In a second embodiment, the coils can also be placed around one or both of the support cables 3 , as is indicated at 8 ″ in FIG. 2. In this case, the spool in the cabin must be able to move relative to the suspension cable. Any stabilizers and traction cable guides on the suspension cables must be taken into account. For example, the spool can have such a large diameter that it encloses both pull cables and all existing stabilizers and pull cable guides. In the mountain and valley station, the spool can be stationary in relation to the suspension cable.

Fig. 5 shows an alternative embodiment of the coil 8 or 8 '. This is a conventional solenoid, the windings of which are placed around the pulling or carrying cable. With the alternating current from the modem 11 or 11 ', this coil generates a magnetic flux in the rope, which generates a current in the receiving coil, which is supplied to the receiving modem for demodulation.

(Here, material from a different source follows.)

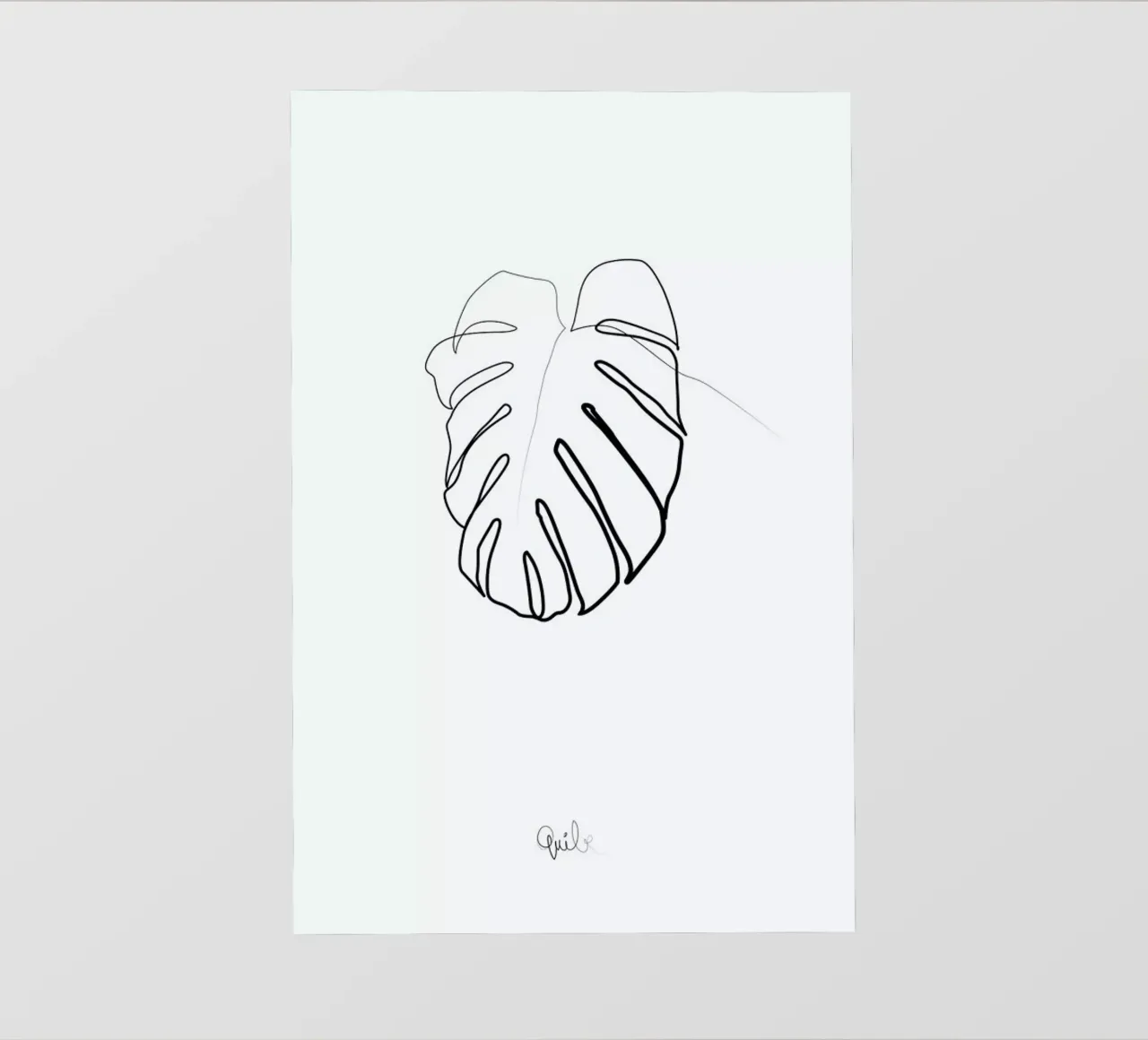 Vert 3 pellicola backlit da Quibe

If one of the cables 3 or 4 is electrically separated from the other, a voltage coupling can also be used, as shown in FIG. 6. Here, the two cables are galvanically connected to the modem 11 or 11 '. The sending modem applies a modulated voltage between the cables, which is picked up and demodulated by the receiving modem.

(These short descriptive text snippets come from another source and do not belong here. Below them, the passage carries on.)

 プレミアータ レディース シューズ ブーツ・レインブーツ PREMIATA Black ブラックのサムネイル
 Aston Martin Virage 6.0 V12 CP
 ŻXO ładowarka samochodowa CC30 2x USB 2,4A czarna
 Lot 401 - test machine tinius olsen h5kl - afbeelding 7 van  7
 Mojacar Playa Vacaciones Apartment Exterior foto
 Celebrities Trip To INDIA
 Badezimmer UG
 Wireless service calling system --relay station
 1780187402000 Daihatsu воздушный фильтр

The communication concept described here is also suitable for use in existing systems, which can be retrofitted without much effort. It can also be used in addition to radio communication be used to ensure redundancy and security heights.

Reference numbers

1

suspension

2nd

cabin

3rd

Suspension cables

4th

Traction rope

5

roll

6

Roller bearing of the suspension

7

Block for suspension rope

8th

,

8th

',

8th

'' Bobbin

9

core

10th

Dividing line of the core halves

11

,

11

'Modem

12th

Mountain or valley station

Claims (9)

1. A method for communication in an aerial cableway, wherein the cable car has at least one carrying cable ( 3 ) for carrying the cabin ( 2 ) and a traction rope ( 4 ) for moving the cabin ( 2 ), characterized in that a communication signal to be transmitted is electrical and / or is magnetically coupled into the support cable ( 3 ) and / or the pull cable ( 4 ). 2. The method according to claim 1, characterized in that the communication signal is inductively coupled into the support cable ( 3 ) and / or the pull cable ( 4 ). 3. The method according to any one of the preceding claims, characterized in that the supporting cable ( 3 ) and / or the traction cable ( 4 ) is guided through a toroidal coil ( 8 , 8 '), with the coil ( 8 , 8 ') a current carrying the communication signal is coupled into the support cable ( 3 ) and / or the pull cable ( 4 ) or is coupled out of the support cable ( 3 ) and / or the pull cable ( 4 ). 4. The method according to claim 3, characterized in that the coil ( 8 , 8 ') is wound around a tubular core ( 9 ), in particular a ferrite ring core, which around the support cable ( 3 ) or the pull cable ( 4 ) is placed. 5. The method according to claim 4, characterized in that the tubular core ( 9 ) consists of two half shells placed one against the other. 6. The method according to any one of the preceding claims, characterized in that a coil ( 8 '') is wound around the supporting cable ( 3 ) and / or the traction cable ( 4 ), with which a magnetic field carrying the communication signal is carried into the supporting cable ( 3 ) and / or the pull rope ( 4 ) is coupled in or out of the support rope ( 3 ) and / or the pull rope ( 4 ). 7. The method according to any one of claims 3 to 6, characterized in that the coil ( 8 , 8 ', 8 '') is arranged on the pull rope ( 4 ). 8. The method according to any one of the preceding claims, characterized in that a voltage carrying the communication signal is applied between the support cable ( 3 ) and the pull cable ( 4 ). 9. The method according to any one of the preceding claims, characterized in that the communication signal in the cabin ( 2 ) is coupled in or out.